* **WHAT YOU ARE ASKED TO DO**
For this exercise, repeat the whole listing below exactly. Leave the pictures out.

* **SOURCE MATERIAL**
<<<<
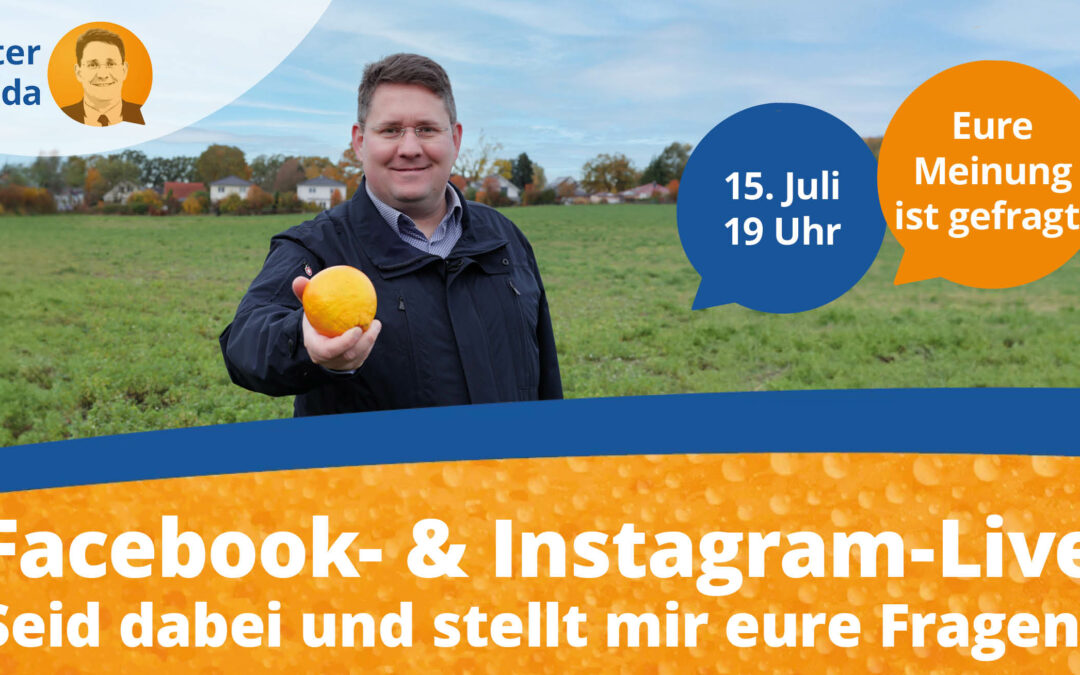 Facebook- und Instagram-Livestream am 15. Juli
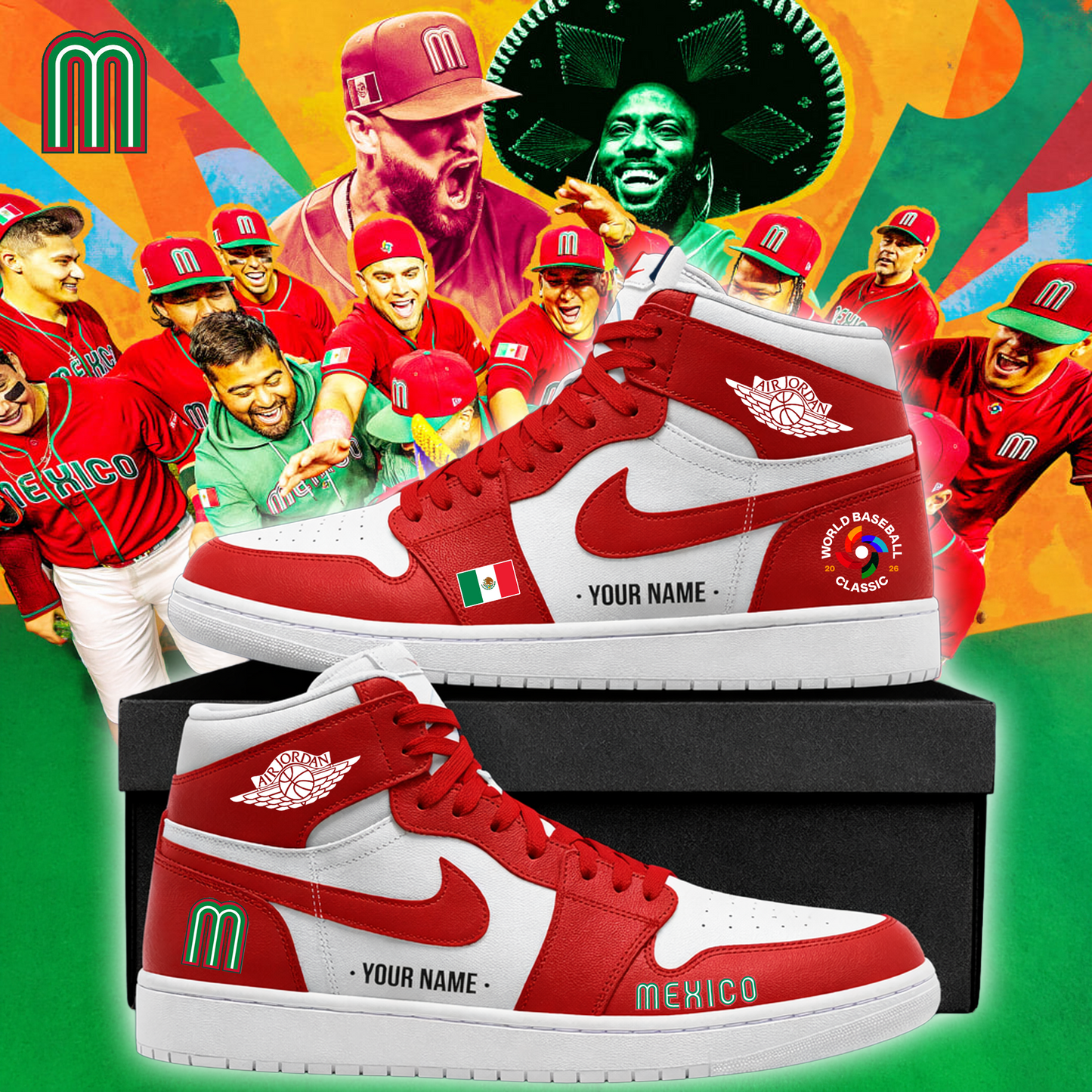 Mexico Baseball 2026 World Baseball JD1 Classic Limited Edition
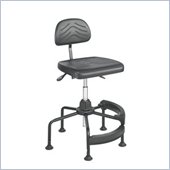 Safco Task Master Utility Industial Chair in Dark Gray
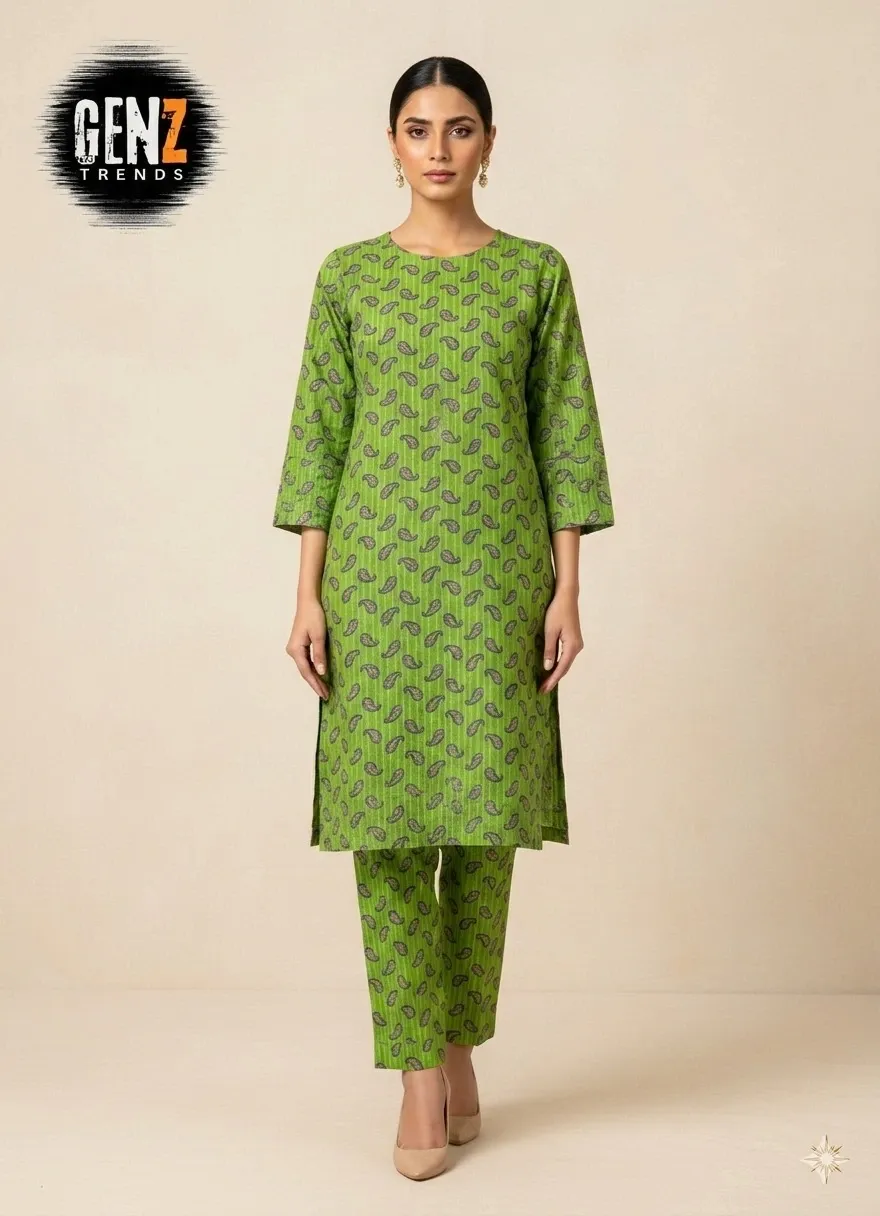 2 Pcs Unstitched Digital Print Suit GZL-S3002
>>>>
* **RESULT OF THIS TASK**
 Facebook- und Instagram-Livestream am 15. Juli
 Mexico Baseball 2026 World Baseball JD1 Classic Limited Edition
 Safco Task Master Utility Industial Chair in Dark Gray
 2 Pcs Unstitched Digital Print Suit GZL-S3002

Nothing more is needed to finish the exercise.